11. We feel that the word 'revalidation' is a misnomer. It is not used in S. 341. It has a different meaning altogether and does not mean 'extension of the period', the expression used in the section. We will, therefore, discard this word in our discussion.
12. Though the arguments have been long drawn the points involved are not so complicated. These are : (1) as to when an application for extension of the period u/ S. 341 is to be made and if the section exhausts itself after grant of one extension, and (2) what are the considerations which weigh for grant of extension of the period.

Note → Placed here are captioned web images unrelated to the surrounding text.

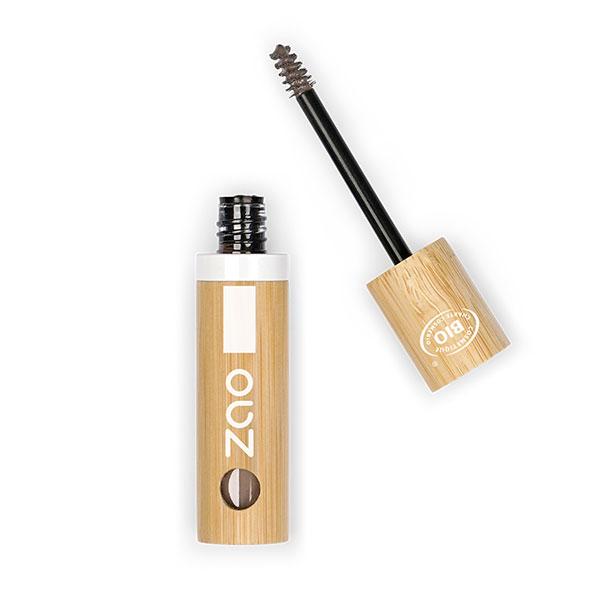 Mascara sourcils 053 Brun ZAO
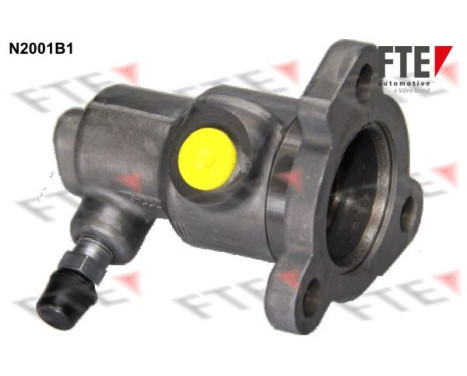 Slavcylinder, koppling N2001B1 FTE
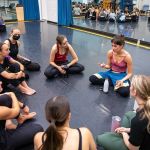 How to Give Back to the Dance Community as a Student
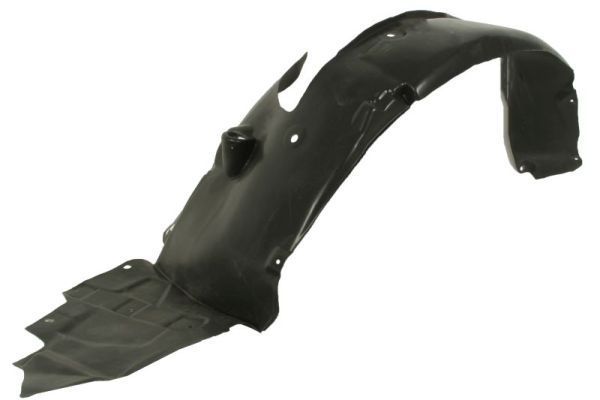 Çamurluk Davlumbazı Ön Sağ Renault Laguna Grandtour (2007->)  EUROBUMP REN15LA015Y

13. The MCD, in brief, has justified its action on the grounds : (1) that there were unauthorised constructions in the group housing complex; (2) that there was subdivision of plots like customary plots; (3) that there was construction of 36 DUs when in the lay-out plan there was proposal to construct 34 DUs including 2 for service personnel; (4) that the petitioners were not owners of whole of the land covered under the lay-out plan; and (5) that the plans had lapsed. It was, however, conceded that after the expiry of the original period the sanctioned plan would not become invalid nor this-. construction made during that period would become illegal or unauthorised. It was submitted that any extension of time would be against the provisions of the Act, bye-laws and the Master Plan and that grant of mandamus as prayed -far by the petitioners would only mean to perpetuate an illegality and would be against the law laid down in Raghbir Singh's case (supra). It was also stated that the writ petition raised disputed questions of fact and accused the petitioners of laches.

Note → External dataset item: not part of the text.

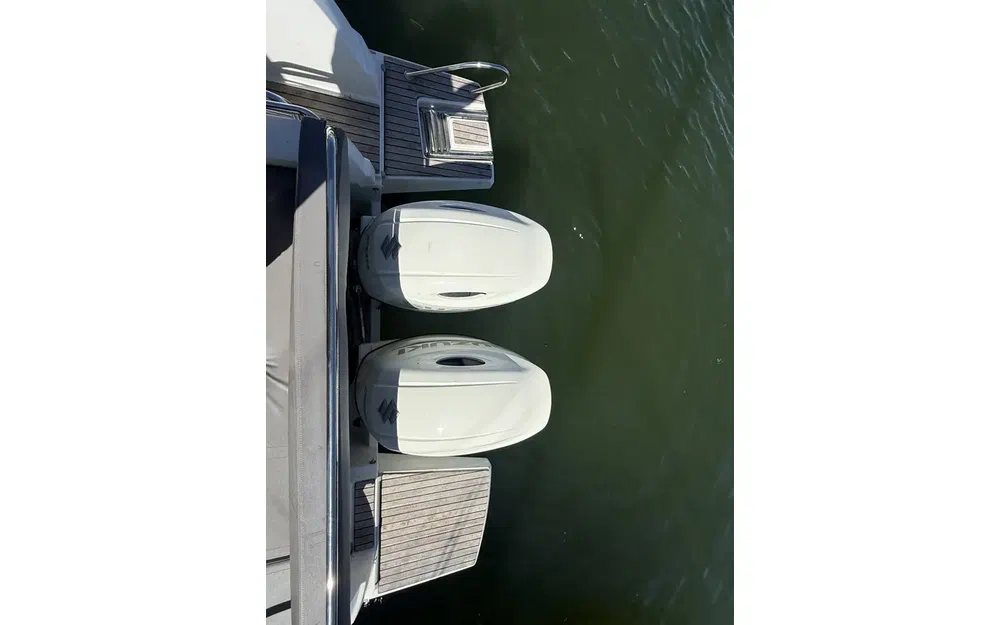 slider 24 Beneteau Antares 9 OB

14. The association supported the stand taken by the MCD and added some more dimensions to it. (This was, however, objected to by the petitioners). The association questioned the right of the petitioners to file the present petition after having earlier filed a suit on the same cause of action and then withdrawing that. It pointed out various violations of the lay-out plan by the petitioners like construction of more DUs than proposed thus violating the policy regarding density, non-construction of 2 DUs for the service personnel, and sub-division of plots in contravention of group housing scheme. It was stated that the building plans earlier submitted and which had been got sanctioned were contrary to the lay-out plan and the Commissioner had no authority to do that as S. 333 could not override S. 313 of the Act. The petitioners were charged for changing the orientation of the lay-out plan originally approved by the Standing Committee. It was then stated that in the garb of constructing I DU the petitioners constructed two independent flats and wrongly styled the unit as duplex type. Reference was made to the meaning of the duplex type flat in Webster's Dictionary that such a flat should have private inner stair-way while in the present case the stairs were independent and outside.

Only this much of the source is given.